The proceeds of the Leiden University Science Run on 28 September will go to Scholars at Risk, a section of the UAF that assists refugee scholars. One such scholar is Leiden PhD candidate Lety Elvir Lazo from Honduras.

Lety Elvir Lazo spent 20 years working as a lecturer and author in Honduras. She now has a PhD scholarship from Scholars at Risk (SAR) and works at the Leiden University Centre for Arts in Society. She is conducting research into Central-American literature written by women in the period 1992-2002. That is one of the many post-war periods that Honduras has known; in Honduras, democracy and dictatorship have been following each other in succession for a long time already. Elvir also looks at how women are depicted in the context of failed revolutions and uprisings and increasing neoliberalism and globalisation in Central America.

Honduras
Protests in Honduras.

Why did you flee Honduras?

‘There was a coup in June 2009, which resulted in a dictatorship. This dictatorship is involved in corruption, drug trafficking, election fraud and giving away natural resources to multinationals. I left Honduras because I was threatened, persecuted and monitored by groups and people who were part of the repressive state apparatus and/or paramilitaries.

‘In Honduras, there are death squads that abduct, torture and murder people if they are suspected of belonging to the opposition. The same is true for environmental and human rights activists. Even more painful was that I also fell victim to political persecution at the university where I had worked for 20 years. A few months before I left Honduras, my colleague Héctor Martínez Motiño, who like me was harassed and intimidated by the university administration, was killed with 12 bullets at the entrance to the university.’

How did you come into contact with SAR and how did you end up in the Netherlands and then Leiden?

‘I came to the Netherlands at the end of 2015, as writer in residence at the invitation of the city of Amsterdam and the Dutch Foundation for Literature. I write stories, poems and literary essays.

‘SAR protects scholars whose life, freedom and wellbeing are under severe threat. It is a place of refuge for threatened academics.’

Then somebody told me about the UAF programme that helps threatened university lecturers and academics: SAR. SAR protects researchers whose life, freedom and wellbeing are under severe threat. It is a place of refuge for threatened academics, and an international network of higher education institutions that arrange for temporary research and teaching positions within this network as well as offering advice.

‘Later on, the UAF-SAR provided me with a scholarship, and Leiden University gave me the opportunity to do PhD research at the Faculty of Humanities. To be closer to the University, I moved to Leiden in 2019.

I have now experienced what the UAF-SAR can mean. You feel solidarity within the network of supporting universities – such as Leiden University, which opens its doors to people who need space to work, write, think and express ourselves in freedom. Space in which we can keep in touch with our subject and can continue to be of use by sharing our experience and above all living out our passion for free scholarship.

Honduras
In June 2019, students at the University of Tegucigalpa were held hostage for days by soldiers, who had previously shot and killed students.

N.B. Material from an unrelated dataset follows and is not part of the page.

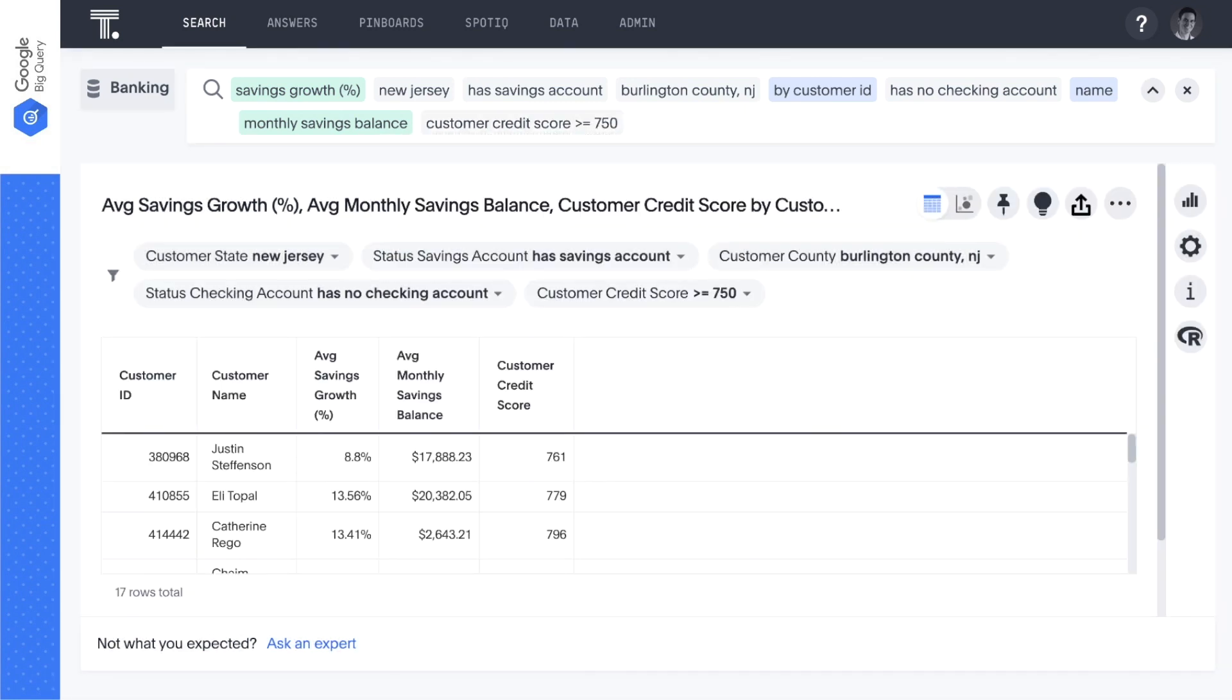In this case, it's easy for any business person to update their query by replacing has no checking account with has no mortgage loan or has no credit card to create targeted marketing lists for different products.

Do you hold out any hope of returning to your own country?

‘At the moment it’s really dangerous. There’s no guarantee that you’ll survive under the present dictatorship, which, unfortunately, is supported by governments such as that of Trump. They prefer to see my country being governed by politicians who are involved in drug trafficking than by governments that are truly democratic. Of course I, like birds, turtles and most refugees, want to return to my homeland: I miss my family; I miss everything, except the violence. Luckily, I can develop in peace here, in freedom and without fear. That’s a real relief. I wish it were like that in my homeland.’

What is it like doing research in Leiden in comparison with in your homeland? And how do you find the Dutch?

‘The main difference is that can devote myself almost fulltime to my research in an environment in which there is no bullying. In Honduras, it was difficult to obtain a research budget if you didn’t say what the university administration wanted to hear. In practice, there is no freedom of education in Honduras, no freedom of expression and no freedom of research.

‘Having lived in the Netherlands for a number of years, I still can’t say with any certainty what the people are really like here. I have the general impression that they are open and very sociable, although they sometimes face the dilemma of whether they should be open to immigration. After all, we stand for the other, and that is often seen as something different, disruptive and even threatening.

‘You don’t leave your homeland if you’re being treated decently.’

‘However, there are two things that I know without a shadow of a doubt: first, you don’t leave your homeland if you are being treated decently and your human rights are being respected. Second, there is a complicit silence among governments and international organisations about the neocolonial genocide against the population of Honduras. And also about how Hondurans, who, under threat of violence, flee to survive only to come up against walls of stone, water and documents. They often have to take perilous routes that are controlled by criminals or they end up in the immense prisons and cemeteries that the countries in the funnel of Central to North America have become. If you invest money or have economic interests in the area, from an ethical, moral and humanitarian perspective you bear a big responsibility to contribute to a solution and to end the war, the foreign interventions plundering our assets and the suffering of our courageous peoples who continue to fight for their health and happiness.’

Honduras
Honduras is in Central America.

Why should people take part in the Leiden Science Run or donate to the Scholars at Risk programme?

‘Because people who are critical thinkers and democratically minded are entitled to express their thoughts everywhere, not just on campus, without being intimidated, persecuted, vilified, imprisoned or murdered. If the academic world says nothing, if universities are not a place for free speech, research and solutions to national and international problems, universities don’t serve a single purpose. Then they are neglecting their duty. And if we allow voices of protest to be stifled or punished, we allow hope to fade and democracy to die. Then the world, of which we only have one, becomes a hell instead of our home. And happiness is possible for no one. That is why we need to rise up for the freedom of expression and freedom of thought of everyone.’